NUEVA YORK – Cuando en abril los húngaros vayan a las urnas, estará en juego la democracia liberal, y no sólo en Hungría. El expresidente estadounidense Donald Trump alienta la candidatura del primer ministro populista Viktor Orbán. Tucker Carlson, la figura con más audiencia del canal televisivo Fox News, viajó a Budapest para promover la variante de nacionalismo étnico que representa Orbán. Pero Orbán se enfrenta al reto más serio desde su regreso al poder en 2010.

La oposición húngara, normalmente dividida, se unió por fin detrás de un único candidato: Péter Márki-Zay, alcalde conservador de Hódmezővásárhely, una pequeña población rural en el centro del país. Cristiano devoto y padre de siete hijos, Márki-Zay se presenta con una plataforma proeuropea, a favor del Estado de Derecho y contra la corrupción. Se describe como «todo aquello que Viktor Orbán finge ser».

Orbán, que hoy tiene 58 años, era un agitador reformista hace treinta. Pero en el transcurso de la última década, transformó a Hungría en una «democracia iliberal», donde sólo su voz representa al pueblo. Durante su primer período como primer ministro entre 1998 y 2002, guió el ingreso de Hungría a la OTAN y a la Unión Europea. Pero tras la derrota que sufrió en 2002, se juró nunca más arriesgarse a perder una elección.
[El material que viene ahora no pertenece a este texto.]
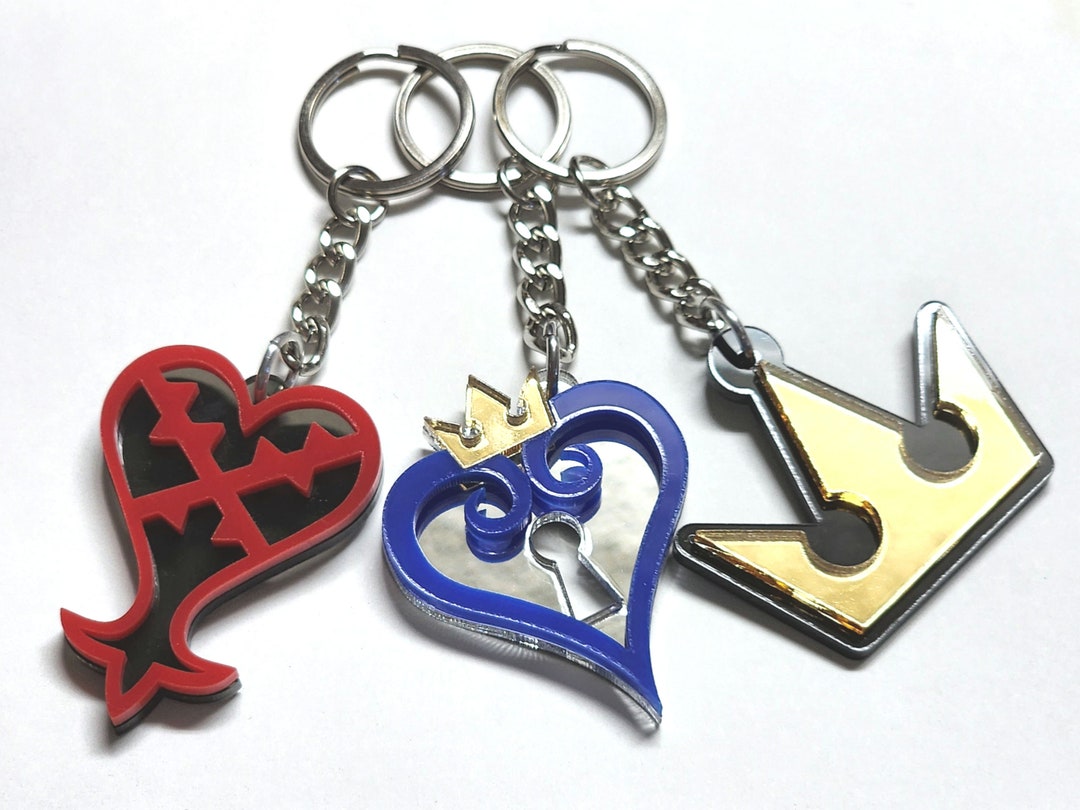 KINGDOM HEARTS メタルキーホルダー Kingdom Hearts Star Seeker Pewter Key Ring - Walmart.com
Abandonó su anterior agenda proeuropea y prodemocracia y abrazó la política del etnonacionalismo y del malestar antiglobalista.
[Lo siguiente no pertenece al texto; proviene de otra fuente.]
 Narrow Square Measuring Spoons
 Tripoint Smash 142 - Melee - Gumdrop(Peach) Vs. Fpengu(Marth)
Tras su regreso al gobierno en 2010 con una mayoría parlamentaria de dos tercios, Orbán reescribió la constitución de Hungría y su legislación electoral para afirmarse en el poder. Al poco tiempo, su partido (Fidesz) controlaba los medios y tribunales húngaros, incluido el Tribunal Constitucional. En tanto, Orbán y sus amigos se volvieron muy ricos.
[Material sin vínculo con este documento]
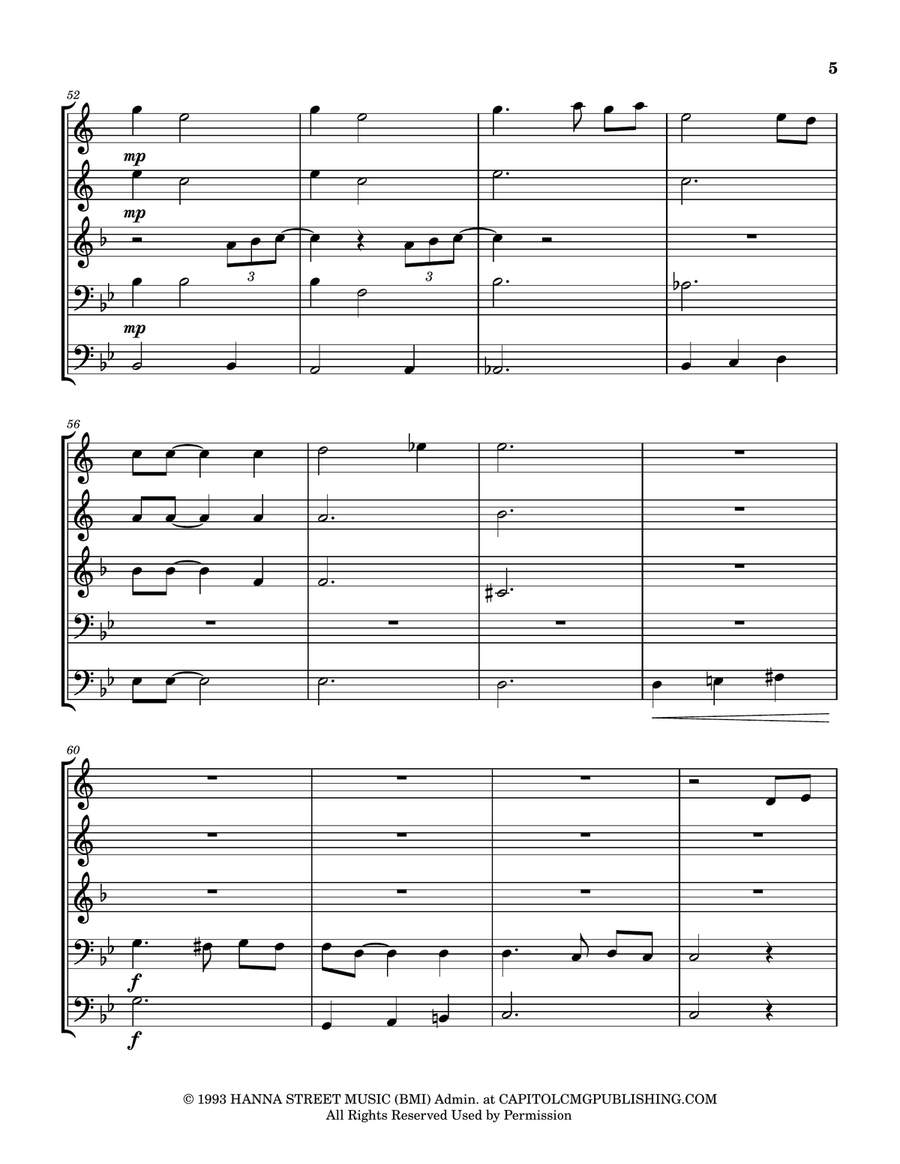 There's Something About That Name Brass Quintet scores gallery preview page 5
En la campaña electoral de este año, Orbán celebró mitines en los que acusó a la UE de intentar «arrancar Hungría de las manos de la Virgen María para arrojarla a los pies de Bruselas». Pero sus arengas y flagrantes violaciones de las normas y valores europeos no han impedido a Hungría seguir perteneciendo al bloque. La intrincada burocracia europea no está diseñada para hacer frente a un autócrata como Orbán. No tiene mecanismos que le permitan ponerle coto; sobre todo, porque contó con otro gobierno iliberal, el de Polonia, dispuesto a vetar cualquier acción en su contra.

Siendo húngara de nacimiento, la elección de este año es una cuestión personal para mí. Tenía yo seis años cuando en 1955 abrí la puerta de nuestro apartamento en Budapest y vi a tres hombres vestidos de operarios. «Venimos a revisar el medidor de gas», mintió uno de ellos. «Ve a buscar a tu madre». Así que la llamé, volví a mi cuarto, y no volví a verla (ni a mi padre, que ya estaba en prisión) por casi dos años. Mis padres, últimos periodistas independientes en la Hungría bajo control soviético, fueron declarados culpables de espionaje y sentenciados a largas penas de prisión.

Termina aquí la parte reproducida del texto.